## WHAT YOU HAVE TO DO
Begin at the line below that holds "Pets teleport across dimensions" and end at the line that holds "Hypocala deflorata", transcribing each line exactly and skipping any picture.

## EXERCISE INPUT
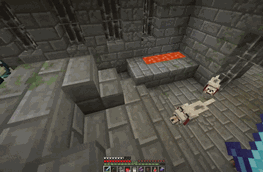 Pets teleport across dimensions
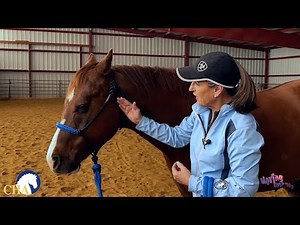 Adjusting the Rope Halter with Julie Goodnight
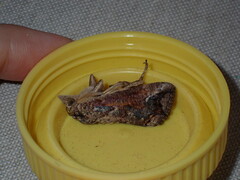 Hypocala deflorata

...

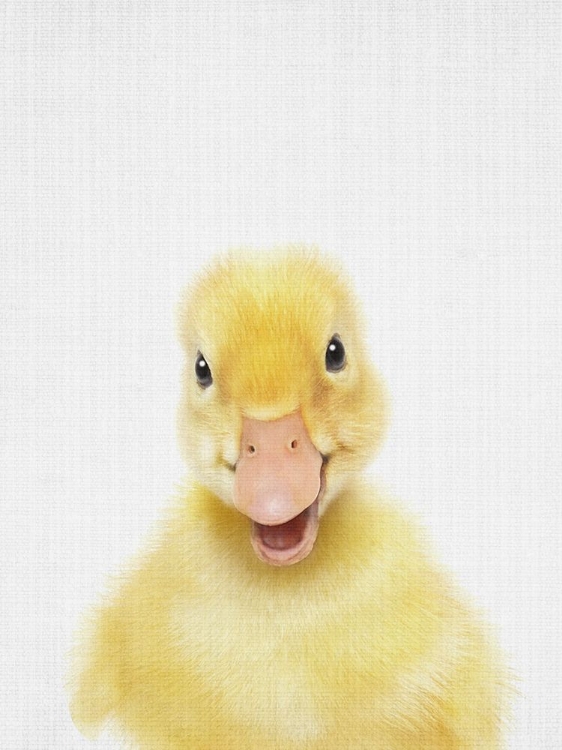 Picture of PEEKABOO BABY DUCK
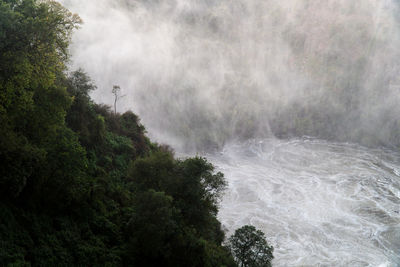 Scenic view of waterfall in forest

--

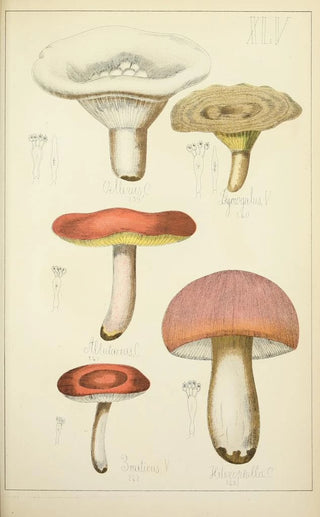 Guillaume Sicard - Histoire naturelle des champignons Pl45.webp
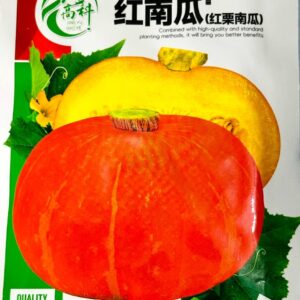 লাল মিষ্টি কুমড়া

## COMPLETED EXERCISE
 Pets teleport across dimensions
 Adjusting the Rope Halter with Julie Goodnight
 Hypocala deflorata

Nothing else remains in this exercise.